An even better example of such a tangle of symbolic and real action is Fran Ilich’s Spacebank project (2005-2016). Spacebank’s motto is “Don’t hate the banks become the banks.” Admittedly, Ilich, unlike Pedersen, is ideologically motivated. A Mexican author, activist, and media artist currently living in New York, he was—and is—inspired by the Zapatista Army of National Liberation. Not only did Spacebank support their cause, its set-up is inspired by the Zapatistas’ insistence on direct democracy and their willingness to always renegotiate the terms of the dialogue itself. Founded after the publication of the Sixth Declaration of the Lacandon Jungle (June 28, 2005), which calls upon everyone with more respect for humanity than for money to join the Zapatistas in their struggle for social justice, the bank served to support a server called Possibleworlds.org, which functioned as a forum for Zapatista and left-wing activism. What makes Spacebank different, however, is that it functioned as a real investment bank and offered real banking services. It offered bank accounts and issued debit cards to its customers and traded shares in virtual companies. The currency used was a virtual one called the Digital Material Sunflower (DMS), but it was backed by real value, and the bank had working relationship with the World Bank, The Economist, Citibank, Paypal, Bitcoin, Visa/Mastercard, and others. Interested parties could announce an initiative (a magazine, a radio station, etc.) and issue shares worth a certain amount in DMS. If people bought them, it meant that they were willing to take a risk, and that was taken as a sign that there was an interest, and perhaps even a need, for the project. From 2010 on, such shares could be exchanged via the Brooklyn Stock Exchange and since 2014 also via the Bronx Socialist Exchange.

What is especially interesting about Spacebank in the present context is the way in which Ilich negotiates the relationship between art and reality. First of all, he saw his approach as an alternative to the usual relationship that left-wing activists have with money, which is to always put the cause first, often with disastrous effects for the economic side of things. Secondly, he acknowledged the importance contemporary society accords to money, using economics to give real value to politics, even though money is no longer a supposed objective, but a flexible way of measuring worth. The project translates “What is it worth?” into “What are you prepared to pay?”[27] Thirdly, what he was interested in was presenting an experiential model, rather than a representation; according to him, the project had a “pedagogical dimension” that made it possible for people to “experience first-hand the relationship between finance and social organisation.”[28] Finally, and continuing directly from the latter point, he describes it as theatre—a “staging of life”—and as an “alchemical” process in which relations are transformed.[29] The model, in other words, offers a real, rather than a symbolic, experience and has the possibility of affecting real (social and economic) relationships.

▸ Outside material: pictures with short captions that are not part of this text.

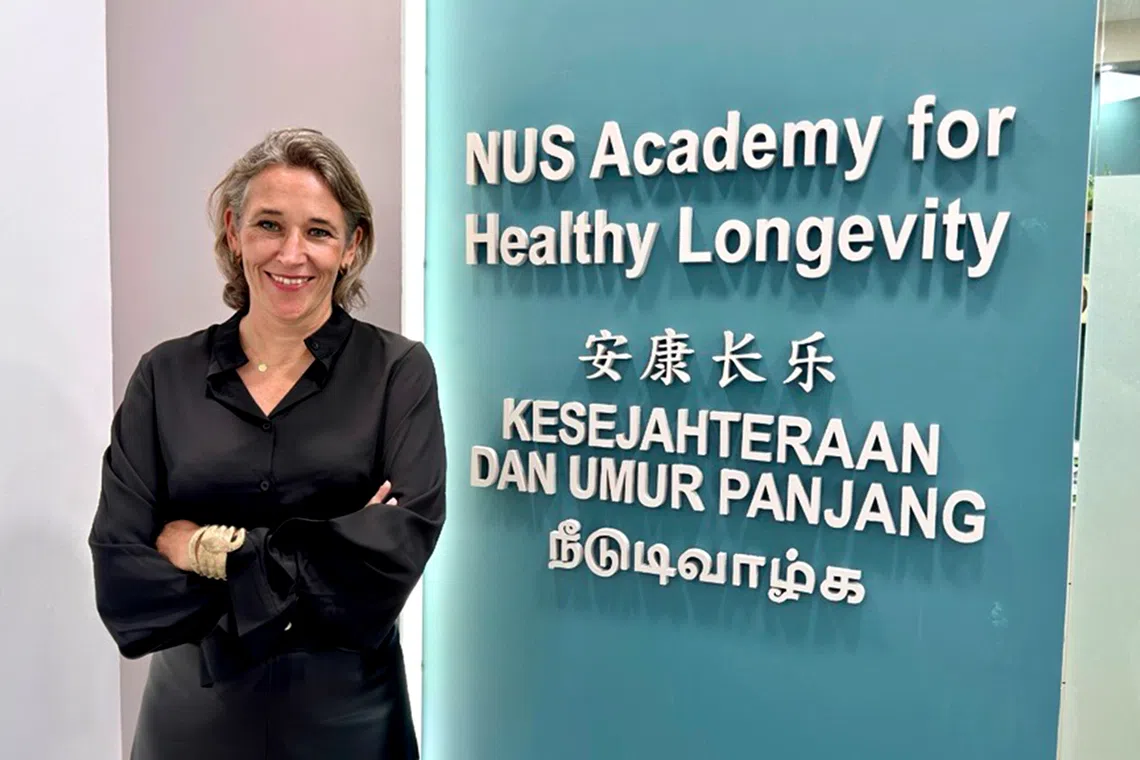 Professor Andrea B. Maier, director of the NUS Academy for Healthy Longevity, said the centre is currently holding four trials.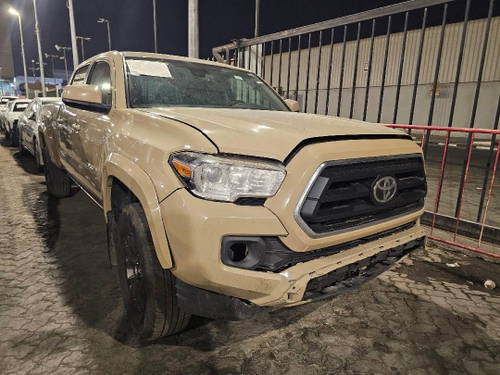 2020 TOYOTA TACOMA for sale at Marhaba Auctions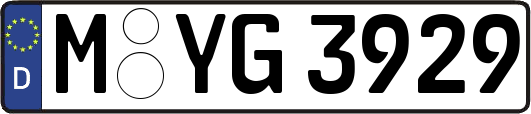 M-YG3929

As pointed out above, Pedersen, unlike Ilich, was never really ideologically motivated. When Pedersen spoke of “the greater advantage of all concerned,” about welfare or well-being, it sounds more like a marketing tactic than an ultimate goal. His projects are first and foremost attempts to see whether existing systems and procedures can produce different results. However, there are similarities as well. To start with, both artist/entrepreneurs are equally difficult to characterize. In a study on digital activism in Latin America, for example, Claire Taylor and Thea Pitman characterize Ilich as “an itinerant Mexican writer, media artist, activist and (conceptual) entrepreneur.”[30] Ilich and Pedersen are both “slashers”; they hold “multi-hyphen” jobs. However, the similarity goes further than this. For Spacebank to function, it is important that Ilich does not act as Ilich-the-artist, but as a representative of a real bank that offers real banking services. The same goes for Pedersen’s projects, where it is essential that relationships are created via the Art Library or a foundation instead of Pedersen himself. Furthermore, it is essential that existing procedures and forms are used instead of devising alternative ones that would then function as representations of a “possible world” or a “different future.” For these projects to function—not to succeed, but to function—existing networks and procedures have to be seen as capable of producing new relationships. It is in this particular way of designing his projects that Pedersen, despite the fact that he was in no way ideologically inspired, can still be seen as relevant.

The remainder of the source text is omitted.